Il est remarquable que cette nouvelle méthode soit au service d’une œuvre faisant écho aux premières vues cinématographiques, et dont beaucoup ont souligné la dimension nostalgique. Parade s’apparente en effet à une suite d’ « attractions »22 présentées à un public intradiégétique, et introduites pour certaines par Tati en personne, endossant alors le rôle d’un Monsieur Loyal. Les attractions se succèdent comme au cirque, et sont ponctuées par les numéros célèbres d’Impressions sportives, que rejoue ici Tati plusieurs décennies après leur création. Le film ne développe pas d’intrigue et n’emploie pas de personnages à proprement parler, à tout le moins tel qu’on l’entend dans le cinéma narratif dominant. Le cinéaste évoque d’ailleurs avec ironie, au détour de plusieurs entretiens, le manque de « structure » ou de « construction » pointé par une partie de la critique23. Parade décline un mode de représentation minoritaire en 1974, qui plus est au sein d’œuvres distribuées en salles d’exploitation, que Tom Gunning a nommé la « confrontation exhibitionniste », et qui dominait les vues cinématographiques jusqu’en 1906-1907 avant d’être supplanté par l’« absorption diégétique »24. La première modalité multiplie les adresses directes au·à la spectateur·ice tandis que la seconde suppose sa négation implicite. André Gaudreault a montré que cette confrontation exhibitionniste se justifiait par l’inscription du cinéma, à la fin du XIXème siècle, au sein d’un « maillage intermédial » tissé de « séries culturelles » variées – un tel voisinage supposant la circulation de traits communs comme la frontalité, l’adresse directe au·à la spectateur·ice, la dimension attractionnelle…25

En outre, Parade occupe une place particulière dans la carrière de Tati, favorisant encore cette tension entre deux temporalités. Le film est en effet réalisé après la débâcle de Playtime (1967), qui oblige le cinéaste à vendre aux enchères les négatifs de ses précédents longs métrages, ainsi que leurs droits d’exploitation. Si Trafic (1971) bénéficie d’un financement privé, c’est grâce à la télévision suédoise, nous l’avons évoqué, que Tati peut entreprendre Parade à soixante-six ans – son dernier film – en délaissant les recherches formelles inaugurées dans Playtime26. Le film voit donc le jour dans un contexte marqué par le renoncement, et a pu légitimement être perçu par une partie de la critique comme un regard nostalgique porté sur le music-hall, où Tati a débuté. En somme, le cinéaste se tournerait vers un univers réconfortant à l’heure des pires difficultés27. Le reprise des anciens numéros d’Impressions sportives encourage en tout cas cette lecture. Dans la presse généraliste, par exemple, Robert Chazal et Louis Chauvet évoquent sans détour cette « nostalgie » que suscitent en eux les souvenirs réactivés par le film28. Si de telles réactions sont compréhensibles dans la mesure, notamment, où elles mobilisent une dimension générationnelle (Chauvet, semble-t-il, a admiré les numéros de Tati au Bal Tabarin), il faut cependant souligner que les déclarations du réalisateur vont à l’encontre d’une quelconque déploration. Contraint, par nécessité, de s’accommoder d’une technologie nouvelle, Tati estime en effet qu’il « recommence à zéro »29 et surtout, qu’« il [lui] reste [la joie] de devenir un débutant »30.

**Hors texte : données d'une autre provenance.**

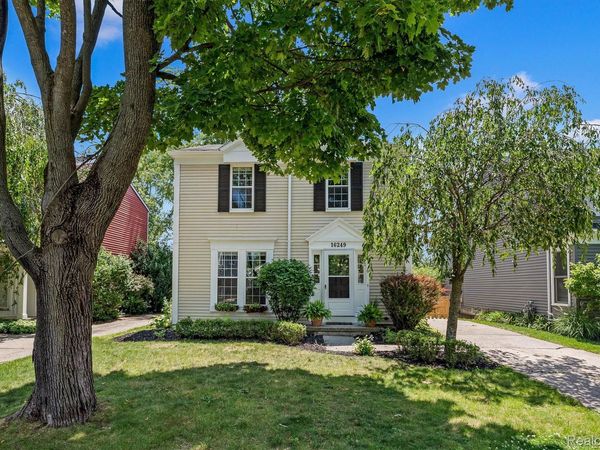 16249 Birwood Avenue, Beverly Hills Village, Mi 48025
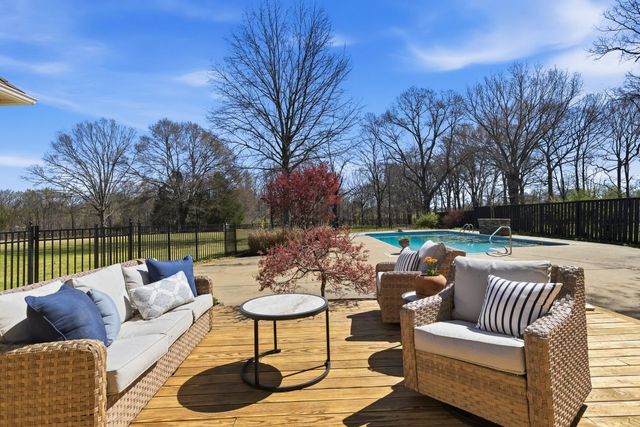 50 HICKORY LAKE DR, Eads, TN 38028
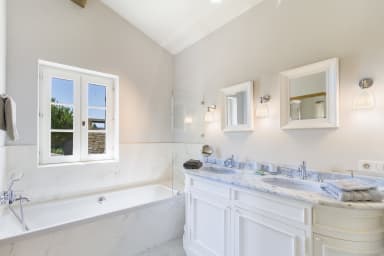 Heated pool and exceptional view for this house to rent in Gordes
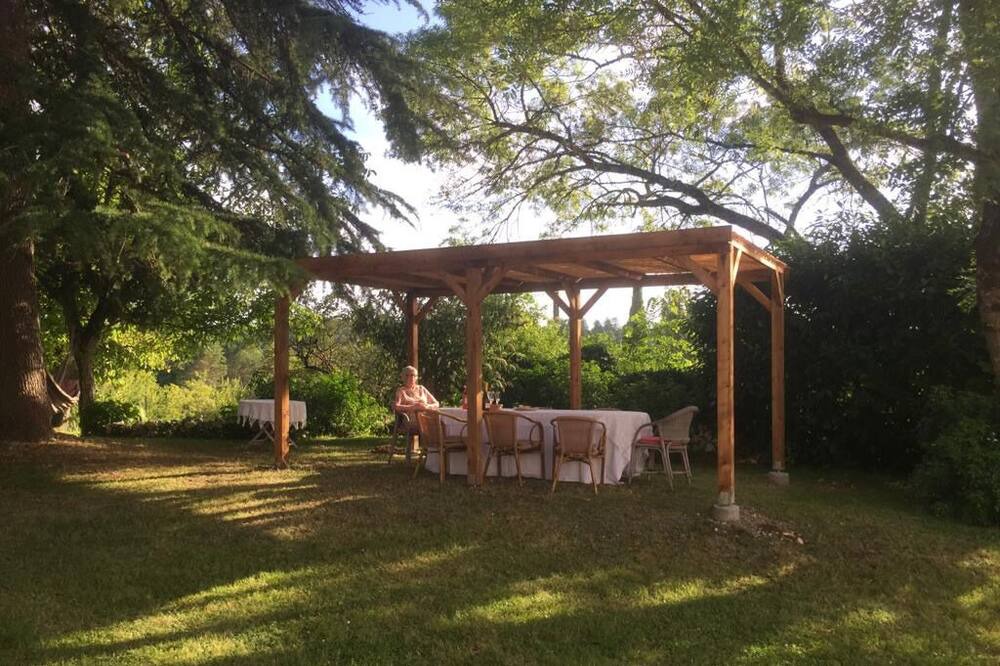 Photo of Outdoor in Tocane-Saint-Apre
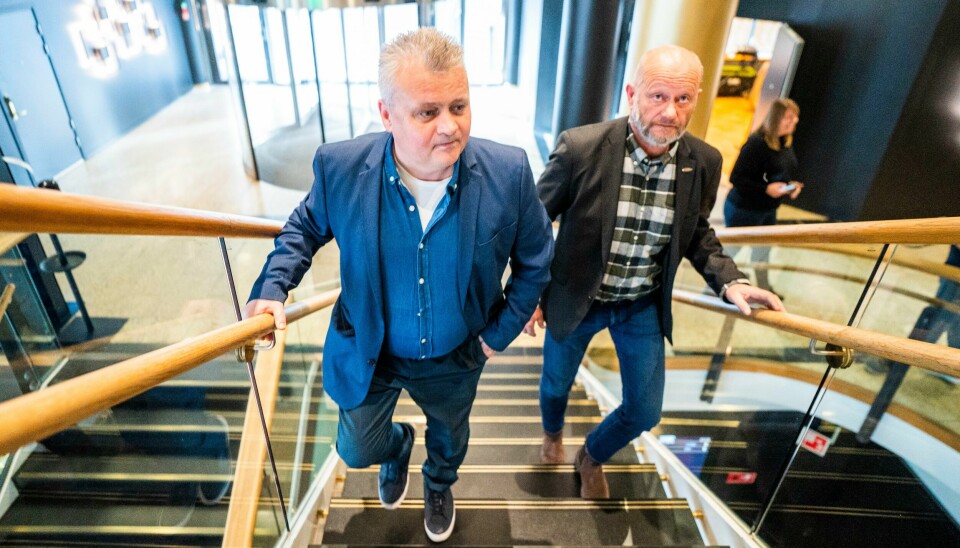 Fellesforbundets Jørn Eggum og Stein Lier-Hansen ble til slutt enige i lønnsoppgjøret for industrien. Leder i Fellesforbundet Jørn Eggum (t.v.) og direktør i Norsk Industri Stein Lier Hansen på vei inn til forhandlingene torsdag. Foto: Håkon Mosvold Larsen / NTB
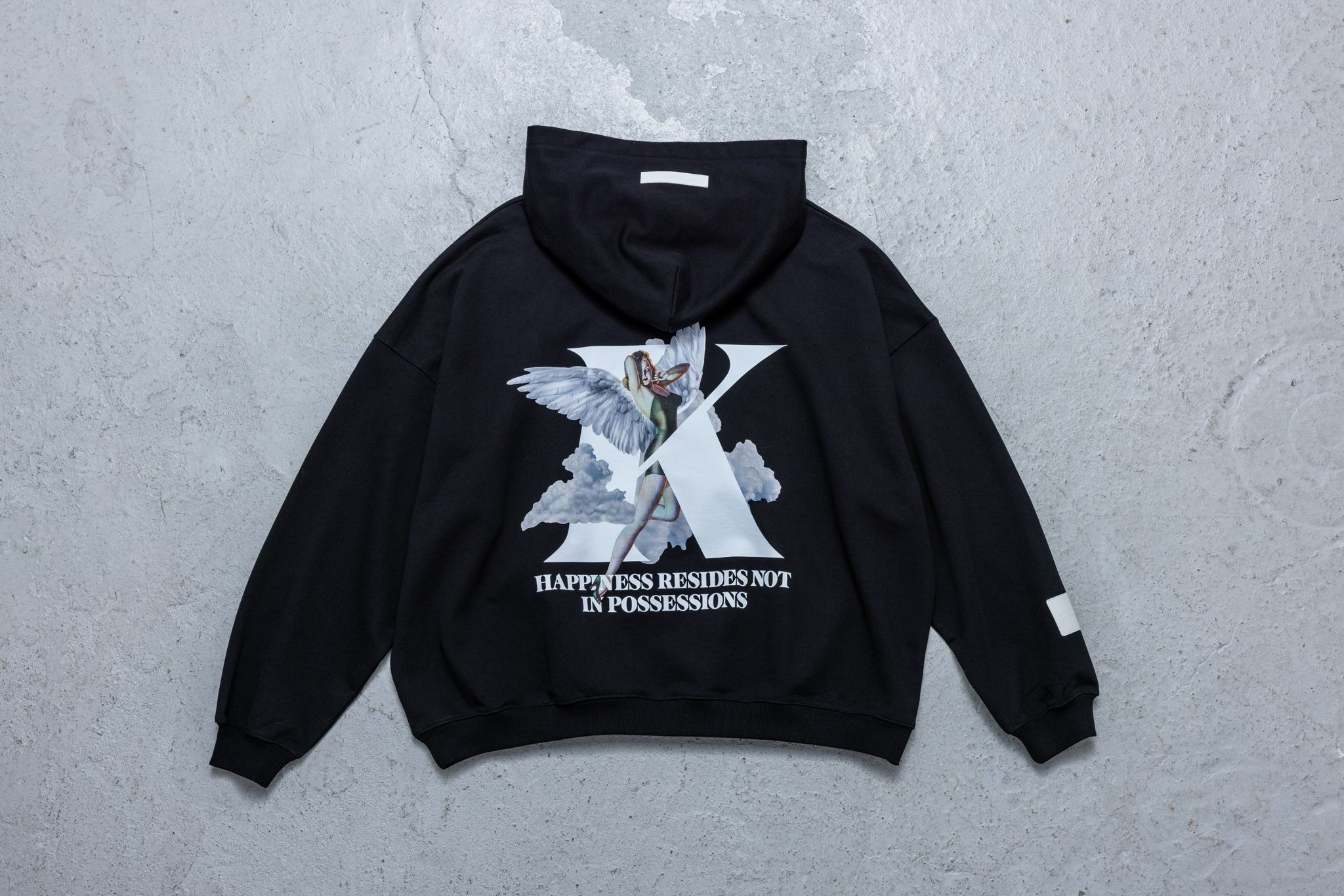 ON SALE " KILLASYSTEM OVER MOON HOODIE (黑色)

Parade est donc un objet singulier qui renoue avec les premières années du cinéma tout en employant des méthodes et une technologie d’avenir31. Si Tom Gunning pointera le retour de la dimension attractionnelle dans les productions à grand spectacle des années 1980 (chez Spielberg, Lucas et Coppola)32, le film de Tati entretient déjà un lien étroit avec le cinéma des premiers temps (succession d’attractions, interpellation du public, etc.) – un lien qui refera surface au sein du post-cinéma via les plateformes de diffusion33.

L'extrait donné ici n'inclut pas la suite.